VENICE, Sept 1 (Reuters) - If you thought that the world's biggest architecture show would be about buildings, this year's Venice Architecture Biennale has a few surprises in store.

Highlights include a steel ramp sneaking into a cloud, a pitch-black room where water falls from a swirling hose and a tower of metal cages from which one can jump into the void -- setting the tone for a show that, in a break with the past, this time focuses on people and space.

Set in the 16th century rope-making factory of the Venice navy, the Biennale mixes design with art installation and has pavilions from 53 countries, plus around 50 works from some of the world's top names in the business.

This edition is directed for the first time by a woman, Japanese architect Kazuyo Sejima. The winner of this year's prestigious Pritzker Prize, Sejima and her Sanaa studio are best known for designing the New Museum in New York and the undulating Rolex Learning Center of Lausanne.

The initial reaction by critics to her Biennale has been generally positive, with many praising the show as entertaining and atmospheric and welcoming the break with previous text-heavy, worthy exhibitions.

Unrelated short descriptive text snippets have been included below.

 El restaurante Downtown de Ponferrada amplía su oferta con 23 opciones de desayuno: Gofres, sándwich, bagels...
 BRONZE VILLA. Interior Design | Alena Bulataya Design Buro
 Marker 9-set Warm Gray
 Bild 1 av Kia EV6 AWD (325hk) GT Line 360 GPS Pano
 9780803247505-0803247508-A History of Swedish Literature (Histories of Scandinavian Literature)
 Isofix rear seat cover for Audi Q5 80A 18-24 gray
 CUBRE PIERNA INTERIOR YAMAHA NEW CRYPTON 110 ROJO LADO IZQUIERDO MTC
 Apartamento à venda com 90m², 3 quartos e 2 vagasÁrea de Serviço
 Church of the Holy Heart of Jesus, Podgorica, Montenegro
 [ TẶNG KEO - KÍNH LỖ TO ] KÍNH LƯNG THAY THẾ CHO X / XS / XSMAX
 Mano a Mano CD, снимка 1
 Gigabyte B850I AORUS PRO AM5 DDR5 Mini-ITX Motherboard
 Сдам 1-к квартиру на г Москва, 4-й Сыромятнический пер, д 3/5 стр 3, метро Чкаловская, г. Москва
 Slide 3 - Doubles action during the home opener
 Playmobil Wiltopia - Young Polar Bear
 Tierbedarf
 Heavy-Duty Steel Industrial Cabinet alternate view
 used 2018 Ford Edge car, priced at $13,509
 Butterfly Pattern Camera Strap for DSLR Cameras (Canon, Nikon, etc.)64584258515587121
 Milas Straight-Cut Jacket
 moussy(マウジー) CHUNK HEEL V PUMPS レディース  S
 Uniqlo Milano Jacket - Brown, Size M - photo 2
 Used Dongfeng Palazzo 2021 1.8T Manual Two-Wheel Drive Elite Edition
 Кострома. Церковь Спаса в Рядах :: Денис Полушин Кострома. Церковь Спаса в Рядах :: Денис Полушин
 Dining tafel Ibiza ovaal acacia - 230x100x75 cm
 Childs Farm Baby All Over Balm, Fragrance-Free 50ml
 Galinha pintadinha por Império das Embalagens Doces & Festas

One of the most popular works is "Cloudscapes", by Japanese architect Tetsuo Kondo and engineers Transsolar, where visitors climb through layers of vapour on a 70-metre long ramp, and feel changes in temperature and humidity as they go.

"This is a place to experience a real cloud from below, within and above," say the authors.

"SORRY, IT'S BROKEN"

Denmark's Olafur Eliasson has streams of water cascading in a dark room to be captured by strobe lights, Chile's Smiljan Radic and Marcela Correa have dug a shelter in a huge rock, while the Polish pavilion hosts a tower of metal cages from where people can leap, landing on a foam mattress.

Another installation that has generated a lot of buzz is a structure of barely visible thread-like wires by Junya Ishigami, who won the Biennale's Golden Lion award for best project.

Unfortunately, it has already collapsed twice -- once after a cat started having fun with it -- and some visitors complained that they found a message saying "Sorry, It's broken."

Those wanting more concrete examples of how futuristic design and architecture can make the world a better place should look at the "Seaswarm" technology that inventors say could clean up the oil spill in the Gulf of Mexico in less than a month.

Developed by M.I.T's Senseable City Lab, the Seaswarm is a fleet of small robots fitted with a conveyor belt made of a thin "nanowire mesh" that soaks up oil.

The special fabric can absorb up to 20 times its own weight in oil while repelling water and the robots have sensors to detect the presence of pollutants.

Once absorbed by the conveyor belt, the oil can be removed and the fabric re-used, making it more efficient and less expensive than current skimming methods, its creators say.

The Architecture Biennale runs until Nov. 21.